POST /api/pastes Create a new paste

GET /api/pastes/{paste_id} Retrieve a paste by its unique URL

DELETE /api/pastes/{paste_id} Delete a paste (only the owner)

PATCH /api/pastes{paste_id} updates a paste (only the owner)

Database design

Core entities:

user
paste

Relationship between entities is one to many (user to paste)

User Schema:

id
username
email
password (hashed)
created_at
updated_at

Paste Schema

id
user_id (set index)
titile
storage_key
created_at
updated_at
expires_at (set index)

The content of the paste will be stored in s3 and there’s another database containing the users and the paste table. but the paste will just reference the storage key here and will not contain the saved text itself.

High-level design

flowchart TD

n0["Frontend Application"];

n1["Backend Server"];

n2[("S3")];

n3[("MetaData")];

n0 --> n1;

n1 --> n2;

n1 --> n3;

Request flows

The High level design proposes the main components and their interaction. A Frontend Application handles the user requests and forwards request to the api server. This API server is responsible for handling the CRUD operations, mentioned in the API design. The paste's content is stored in s3 and the metadata stores everything else including user and metadata about the pastes. the objects stored in s3 are referenced in the metadata as well to have the correct linking between a paste and its actual content

Detailed component design

flowchart TD

n0["Client"];

n1["CDN"];

n2[("Object Storage")];

n3["Load Balancer"];

n4["Write Service"];

n6["Read Service"];

n10[("Master Metadata")];

n11[("Slave Metadata")];

n13[("Slave Metadata")];

n16[("Metadata Cache")];

n17["[Async] Cleanup Service"];

n18["Message Broker [Replicator]"];

n0 --> n1;

n1 --> n2;

n0 --> n3;

n3 --> n4;

n3 --> n6;

n4 --> n10;

n4 --> n2;

n6 --> n11;

n6 --> n13;

n6 --> n16;

n17 --> n10;

n17 --> n2;

n4 --> n18;

n18 --> n13;

n18 --> n11;

Trade offs/Tech choices

First we introduce a CDN for the object storage s3. We'll serve the objects from S3 via a CDN, so we can leverage the cache of the CDN and the geo optimized serving of the objects.

The client hits a load balancer / api gateway as the backend is separated between a write and a read service. The mainr eason for this is the leader based replication we're approaching for the data storage of the metadata. As it's a very read heavy system, we need to ensure high availability on the data and thus it can hit sclaability and availability limits when we just use a single data storage instance.

We choose one master and multiple slaves (2 in this case, but can easily be extended). All the write requests are exclusively going to the master.

Now the need arises to keep the replicas in sync. Here we definitely favor async replication by trading off eventual consistency. Consistency is important in our case, but it doesn't need to be immediate and strong. More important is the availability and the durability.
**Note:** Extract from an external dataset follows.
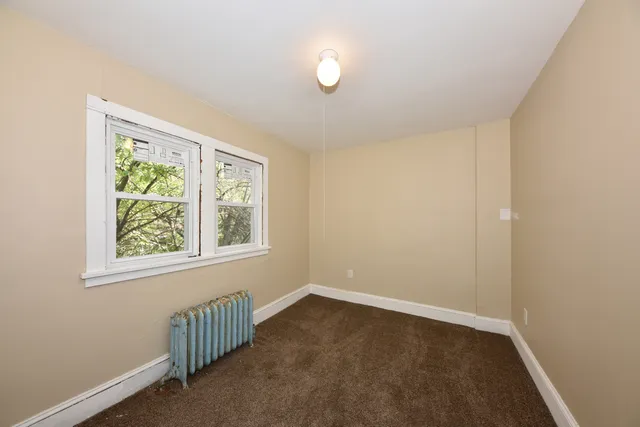 $139,900 | 4025 West Fairmount Avenue, Milwaukee, WI 53209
So we introduce a message broker which notifies all replicas about changes on the slave.

As we have a read heavy system, we introduce cache for the metadata. Here we use redis for it. We aim for a high hit ratio on the cache.

Lastly we need to consider the expiry date. Here another service is introduced which handles the cleanup asynchronously, The data can be synced via cron or even in the same message broker for the write replica to notify about the expiry dates of the pastes. Then it can delete the expired pastes and clean up both the storage and the metadata.

Failure scenarios/bottlenecks

As we use leader based replication with a single leader, changing the leader on failure is something we need to consider so we don't block writes in case of failure. We somehow introduce a single point of failure, so we need to make it reislient.

The replica count for the slaves might be increasing in future.

Future improvements

Even if we leverage the cache of the CDN for the objects in s3, with more scale we can think of additional caching mechanisms for the files stored in s3, so we don't need to read from the origin all the time.